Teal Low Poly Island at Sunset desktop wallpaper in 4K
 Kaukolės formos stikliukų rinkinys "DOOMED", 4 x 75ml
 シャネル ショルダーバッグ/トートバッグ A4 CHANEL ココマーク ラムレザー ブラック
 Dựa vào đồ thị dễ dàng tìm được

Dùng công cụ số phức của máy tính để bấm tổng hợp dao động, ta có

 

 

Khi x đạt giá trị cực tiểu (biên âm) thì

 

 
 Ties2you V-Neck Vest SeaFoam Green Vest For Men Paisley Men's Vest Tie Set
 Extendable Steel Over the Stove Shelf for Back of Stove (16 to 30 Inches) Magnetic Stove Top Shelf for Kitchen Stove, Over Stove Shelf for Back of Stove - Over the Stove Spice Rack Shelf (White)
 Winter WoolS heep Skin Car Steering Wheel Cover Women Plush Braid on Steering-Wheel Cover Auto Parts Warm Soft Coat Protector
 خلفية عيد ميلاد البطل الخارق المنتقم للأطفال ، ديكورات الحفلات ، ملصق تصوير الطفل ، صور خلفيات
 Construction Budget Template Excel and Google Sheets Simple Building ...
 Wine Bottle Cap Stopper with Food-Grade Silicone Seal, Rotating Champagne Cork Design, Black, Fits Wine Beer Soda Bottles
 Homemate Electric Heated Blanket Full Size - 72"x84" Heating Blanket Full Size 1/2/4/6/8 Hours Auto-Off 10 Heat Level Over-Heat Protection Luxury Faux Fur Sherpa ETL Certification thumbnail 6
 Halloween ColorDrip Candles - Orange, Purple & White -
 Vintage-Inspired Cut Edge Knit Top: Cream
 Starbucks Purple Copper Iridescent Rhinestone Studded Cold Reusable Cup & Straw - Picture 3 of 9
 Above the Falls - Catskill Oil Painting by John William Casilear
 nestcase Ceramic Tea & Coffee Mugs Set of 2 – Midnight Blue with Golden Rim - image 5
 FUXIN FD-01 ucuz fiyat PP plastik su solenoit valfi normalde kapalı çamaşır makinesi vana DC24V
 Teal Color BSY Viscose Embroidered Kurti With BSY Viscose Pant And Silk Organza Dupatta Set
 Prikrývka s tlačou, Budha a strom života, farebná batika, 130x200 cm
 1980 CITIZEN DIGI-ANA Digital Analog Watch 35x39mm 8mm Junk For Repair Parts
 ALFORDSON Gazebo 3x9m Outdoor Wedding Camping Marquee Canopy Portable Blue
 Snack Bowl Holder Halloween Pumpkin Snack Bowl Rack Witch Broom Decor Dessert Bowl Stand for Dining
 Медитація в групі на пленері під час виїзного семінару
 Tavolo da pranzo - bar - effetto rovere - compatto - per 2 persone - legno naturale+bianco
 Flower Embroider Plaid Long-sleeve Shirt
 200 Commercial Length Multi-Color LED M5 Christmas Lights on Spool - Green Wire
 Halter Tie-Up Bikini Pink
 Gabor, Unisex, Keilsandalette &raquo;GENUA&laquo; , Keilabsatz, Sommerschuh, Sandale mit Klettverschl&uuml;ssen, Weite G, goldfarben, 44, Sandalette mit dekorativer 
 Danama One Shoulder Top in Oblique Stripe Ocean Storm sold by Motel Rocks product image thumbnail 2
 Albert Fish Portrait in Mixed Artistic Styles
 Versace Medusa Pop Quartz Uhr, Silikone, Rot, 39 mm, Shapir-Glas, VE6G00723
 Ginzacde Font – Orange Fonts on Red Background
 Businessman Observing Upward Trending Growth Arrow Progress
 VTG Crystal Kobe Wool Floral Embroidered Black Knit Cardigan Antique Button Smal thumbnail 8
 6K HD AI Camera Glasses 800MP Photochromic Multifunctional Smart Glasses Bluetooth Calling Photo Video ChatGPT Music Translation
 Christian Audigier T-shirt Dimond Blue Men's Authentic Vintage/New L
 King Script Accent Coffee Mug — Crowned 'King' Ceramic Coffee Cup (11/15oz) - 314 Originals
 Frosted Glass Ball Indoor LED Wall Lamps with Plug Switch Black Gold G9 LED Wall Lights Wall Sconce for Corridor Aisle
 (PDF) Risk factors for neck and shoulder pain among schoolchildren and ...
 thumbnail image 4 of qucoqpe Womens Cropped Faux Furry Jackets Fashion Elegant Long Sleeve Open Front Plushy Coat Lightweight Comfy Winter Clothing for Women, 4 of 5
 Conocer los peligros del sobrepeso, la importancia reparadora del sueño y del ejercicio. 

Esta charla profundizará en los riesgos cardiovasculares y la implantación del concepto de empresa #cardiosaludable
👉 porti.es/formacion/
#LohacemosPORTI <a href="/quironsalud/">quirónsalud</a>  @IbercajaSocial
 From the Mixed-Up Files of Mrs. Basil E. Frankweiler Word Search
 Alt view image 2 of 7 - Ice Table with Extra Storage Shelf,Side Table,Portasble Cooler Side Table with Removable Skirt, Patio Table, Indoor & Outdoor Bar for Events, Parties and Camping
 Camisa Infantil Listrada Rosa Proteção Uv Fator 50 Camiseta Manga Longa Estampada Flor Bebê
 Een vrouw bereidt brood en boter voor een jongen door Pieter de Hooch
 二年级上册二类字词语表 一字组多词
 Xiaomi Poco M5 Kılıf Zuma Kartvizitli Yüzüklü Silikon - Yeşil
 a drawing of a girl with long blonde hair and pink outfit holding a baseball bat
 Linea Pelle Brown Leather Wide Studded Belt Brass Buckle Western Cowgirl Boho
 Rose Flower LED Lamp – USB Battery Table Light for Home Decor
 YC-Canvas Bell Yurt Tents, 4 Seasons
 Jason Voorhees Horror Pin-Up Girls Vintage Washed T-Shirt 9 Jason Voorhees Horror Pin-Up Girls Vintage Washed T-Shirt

-*-*-

* **TASK STATEMENT**
Output every line from the records, exactly as written.

* **RESPONSE TO THIS EXERCISE**
Teal Low Poly Island at Sunset desktop wallpaper in 4K
 Kaukolės formos stikliukų rinkinys "DOOMED", 4 x 75ml
 シャネル ショルダーバッグ/トートバッグ A4 CHANEL ココマーク ラムレザー ブラック
 Dựa vào đồ thị dễ dàng tìm được

Dùng công cụ số phức của máy tính để bấm tổng hợp dao động, ta có

 

 

Khi x đạt giá trị cực tiểu (biên âm) thì

 

 
 Ties2you V-Neck Vest SeaFoam Green Vest For Men Paisley Men's Vest Tie Set
 Extendable Steel Over the Stove Shelf for Back of Stove (16 to 30 Inches) Magnetic Stove Top Shelf for Kitchen Stove, Over Stove Shelf for Back of Stove - Over the Stove Spice Rack Shelf (White)
 Winter WoolS heep Skin Car Steering Wheel Cover Women Plush Braid on Steering-Wheel Cover Auto Parts Warm Soft Coat Protector
 خلفية عيد ميلاد البطل الخارق المنتقم للأطفال ، ديكورات الحفلات ، ملصق تصوير الطفل ، صور خلفيات
 Construction Budget Template Excel and Google Sheets Simple Building ...
 Wine Bottle Cap Stopper with Food-Grade Silicone Seal, Rotating Champagne Cork Design, Black, Fits Wine Beer Soda Bottles
 Homemate Electric Heated Blanket Full Size - 72"x84" Heating Blanket Full Size 1/2/4/6/8 Hours Auto-Off 10 Heat Level Over-Heat Protection Luxury Faux Fur Sherpa ETL Certification thumbnail 6
 Halloween ColorDrip Candles - Orange, Purple & White -
 Vintage-Inspired Cut Edge Knit Top: Cream
 Starbucks Purple Copper Iridescent Rhinestone Studded Cold Reusable Cup & Straw - Picture 3 of 9
 Above the Falls - Catskill Oil Painting by John William Casilear
 nestcase Ceramic Tea & Coffee Mugs Set of 2 – Midnight Blue with Golden Rim - image 5
 FUXIN FD-01 ucuz fiyat PP plastik su solenoit valfi normalde kapalı çamaşır makinesi vana DC24V
 Teal Color BSY Viscose Embroidered Kurti With BSY Viscose Pant And Silk Organza Dupatta Set
 Prikrývka s tlačou, Budha a strom života, farebná batika, 130x200 cm
 1980 CITIZEN DIGI-ANA Digital Analog Watch 35x39mm 8mm Junk For Repair Parts
 ALFORDSON Gazebo 3x9m Outdoor Wedding Camping Marquee Canopy Portable Blue
 Snack Bowl Holder Halloween Pumpkin Snack Bowl Rack Witch Broom Decor Dessert Bowl Stand for Dining
 Медитація в групі на пленері під час виїзного семінару
 Tavolo da pranzo - bar - effetto rovere - compatto - per 2 persone - legno naturale+bianco
 Flower Embroider Plaid Long-sleeve Shirt
 200 Commercial Length Multi-Color LED M5 Christmas Lights on Spool - Green Wire
 Halter Tie-Up Bikini Pink
 Gabor, Unisex, Keilsandalette &raquo;GENUA&laquo; , Keilabsatz, Sommerschuh, Sandale mit Klettverschl&uuml;ssen, Weite G, goldfarben, 44, Sandalette mit dekorativer 
 Danama One Shoulder Top in Oblique Stripe Ocean Storm sold by Motel Rocks product image thumbnail 2
 Albert Fish Portrait in Mixed Artistic Styles
 Versace Medusa Pop Quartz Uhr, Silikone, Rot, 39 mm, Shapir-Glas, VE6G00723
 Ginzacde Font – Orange Fonts on Red Background
 Businessman Observing Upward Trending Growth Arrow Progress
 VTG Crystal Kobe Wool Floral Embroidered Black Knit Cardigan Antique Button Smal thumbnail 8
 6K HD AI Camera Glasses 800MP Photochromic Multifunctional Smart Glasses Bluetooth Calling Photo Video ChatGPT Music Translation
 Christian Audigier T-shirt Dimond Blue Men's Authentic Vintage/New L
 King Script Accent Coffee Mug — Crowned 'King' Ceramic Coffee Cup (11/15oz) - 314 Originals
 Frosted Glass Ball Indoor LED Wall Lamps with Plug Switch Black Gold G9 LED Wall Lights Wall Sconce for Corridor Aisle
 (PDF) Risk factors for neck and shoulder pain among schoolchildren and ...
 thumbnail image 4 of qucoqpe Womens Cropped Faux Furry Jackets Fashion Elegant Long Sleeve Open Front Plushy Coat Lightweight Comfy Winter Clothing for Women, 4 of 5
 Conocer los peligros del sobrepeso, la importancia reparadora del sueño y del ejercicio. 

Esta charla profundizará en los riesgos cardiovasculares y la implantación del concepto de empresa #cardiosaludable
👉 porti.es/formacion/
#LohacemosPORTI <a href="/quironsalud/">quirónsalud</a>  @IbercajaSocial
 From the Mixed-Up Files of Mrs. Basil E. Frankweiler Word Search
 Alt view image 2 of 7 - Ice Table with Extra Storage Shelf,Side Table,Portasble Cooler Side Table with Removable Skirt, Patio Table, Indoor & Outdoor Bar for Events, Parties and Camping
 Camisa Infantil Listrada Rosa Proteção Uv Fator 50 Camiseta Manga Longa Estampada Flor Bebê
 Een vrouw bereidt brood en boter voor een jongen door Pieter de Hooch
 二年级上册二类字词语表 一字组多词
 Xiaomi Poco M5 Kılıf Zuma Kartvizitli Yüzüklü Silikon - Yeşil
 a drawing of a girl with long blonde hair and pink outfit holding a baseball bat
 Linea Pelle Brown Leather Wide Studded Belt Brass Buckle Western Cowgirl Boho
 Rose Flower LED Lamp – USB Battery Table Light for Home Decor
 YC-Canvas Bell Yurt Tents, 4 Seasons
 Jason Voorhees Horror Pin-Up Girls Vintage Washed T-Shirt 9 Jason Voorhees Horror Pin-Up Girls Vintage Washed T-Shirt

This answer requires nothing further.